Friday, February 15, 2013

How to: Build an SN76489 USB MIDI Module

Overview: 
With a pre-programmed Teensy, it is very easy to make a simple SN76489 USB MIDI module.

The SN76489 USB MIDI maps to the SN76489 in the following way:
MIDI Channel 1 --> SN76489 Square Wave 1
MIDI Channel 2 --> SN76489 Square Wave 2
MIDI Channel 3 --> SN76489 Square Wave 3
MIDI Channel 4 --> SN76489 Noise Channel

Actually, the mapping is pretty much identical to the SMSM mapping for the SN76489 - see this text document for more information. 

The source code for this project can be found here, and should be uploaded to the Teensy using the Teensyduino and Arduino software. 



Pinouts: 





The Quick Version: 

From: To:
Teensy Digital Pin 0 SN76489 Pin 10
Teensy Digital Pin 1 SN76489 Pin 11
Teensy Digital Pin 2 SN76489 Pin 12
Teensy Digital Pin 3 SN76489 Pin 13
Teensy Digital Pin 4 SN76489 Pin 5
Teensy Digital Pin 5 SN76489 Pin 15
Teensy Digital Pin 6 SN76489 Pin 1
Teensy Digital Pin 7 SN76489 Pin 2
Teensy Digital Pin 8 SN76489 Pin 3
Teensy Ground SN76489 Pin 8, Pin 6, Crystal Ground
Teensy 5V SN76489 Pin 16, Crystal 5V
Crystal Clock Signal SN76489 Pin 14
SN76489 Pin 7 Audio Output Signal





The Step By Step Version:

Let's start with an empty breadboard!
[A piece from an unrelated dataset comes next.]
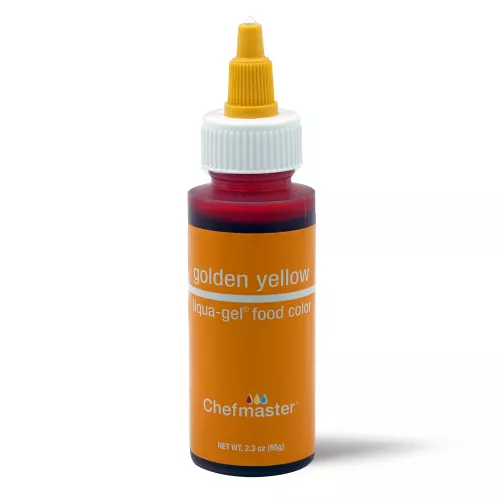 Chefmaster Golden Yellow Liqua-Gel Food Coloring 65g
It has rows separated by a central column, and two pairs of vertical buses (marked + and -). Each row of five points is electrically connected. Each vertical bus is a continuous connection. Easy!


Put the pre-programmed Teensy on the breadboard.
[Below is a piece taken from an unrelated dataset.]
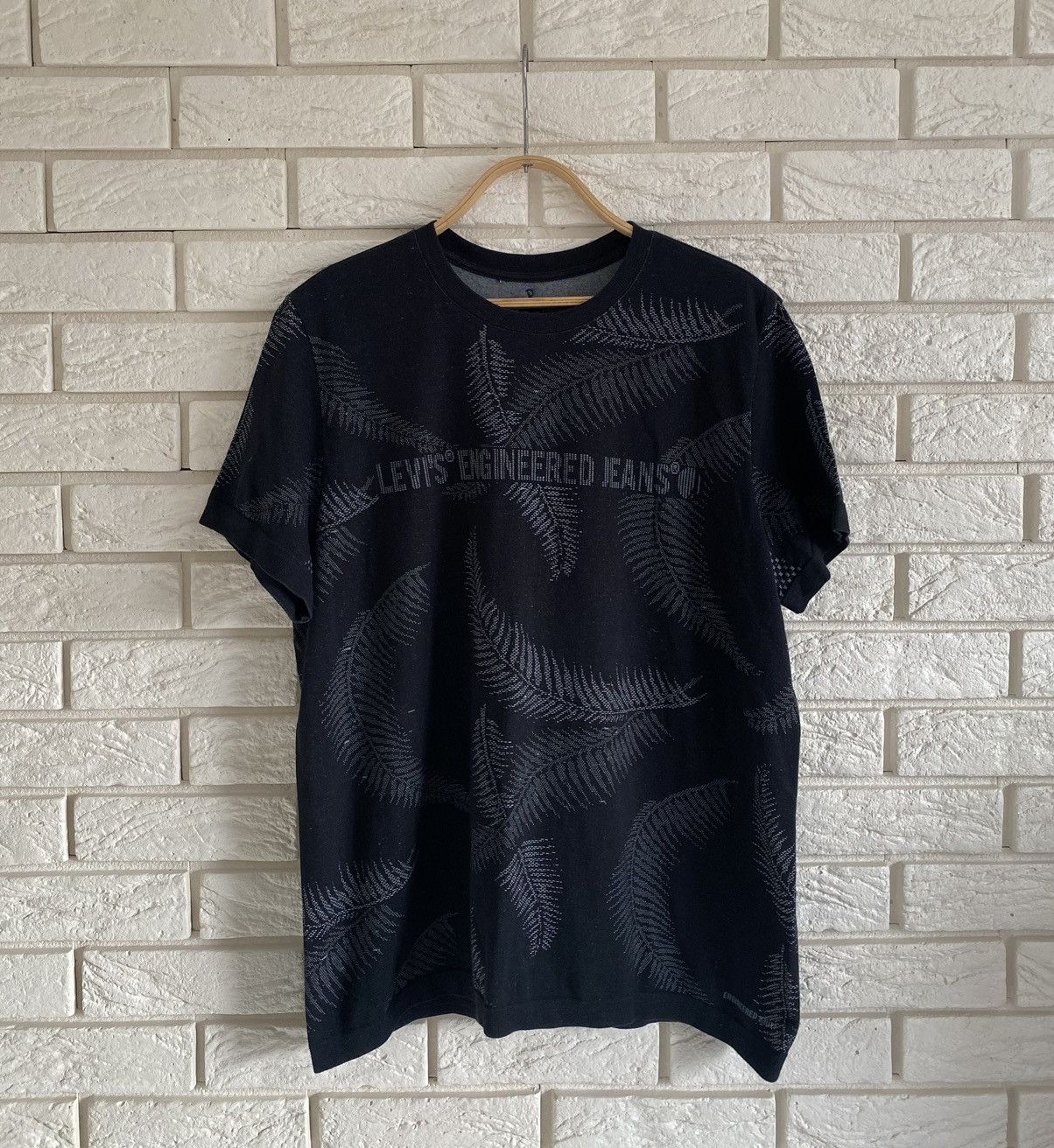 Rare Levis Engineered Jeans Knit Logo T Shirt Long Sleeve T Shirts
Put the SN76489 on the breadboard, with pin 1 and 16 closest to the Teensy (refer to pinout diagram above). 


Put the crystal on the breadboard, with the 5V pin closest to the SN76489 (refer to pinout diagram above).
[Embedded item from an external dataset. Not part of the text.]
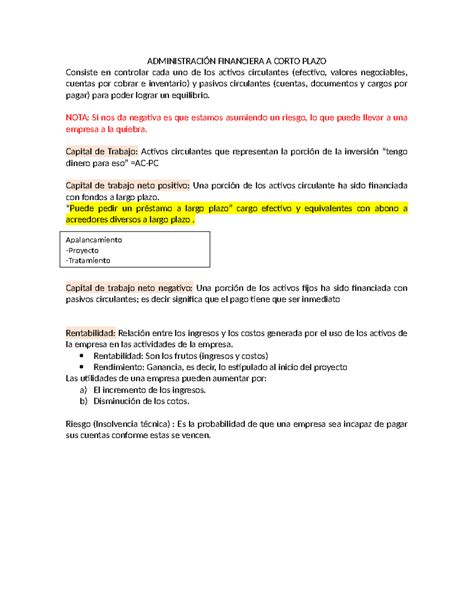 Apunte analisis y planeacion financiera ADMINISTRACIÓN FINANCIERA A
Connect the ground of the Teensy to a vertical bus on the breadboard. In this image, I've chosen to do so on the negative (-) blue bus. 


Connect the 5V VCC of the Teensy to a vertical bus on the breadboard. In this image, I've chosen to do so on the positive (+) red bus.  


Connect pin 8 of the SN76489 to the vertical ground bus.


Connect pin 6 of the SN76489 to the vertical ground bus. 


Connect pin 16 of the SN76489 to the vertical 5V bus. 


Connect the ground pin of the crystal to the vertical ground bus.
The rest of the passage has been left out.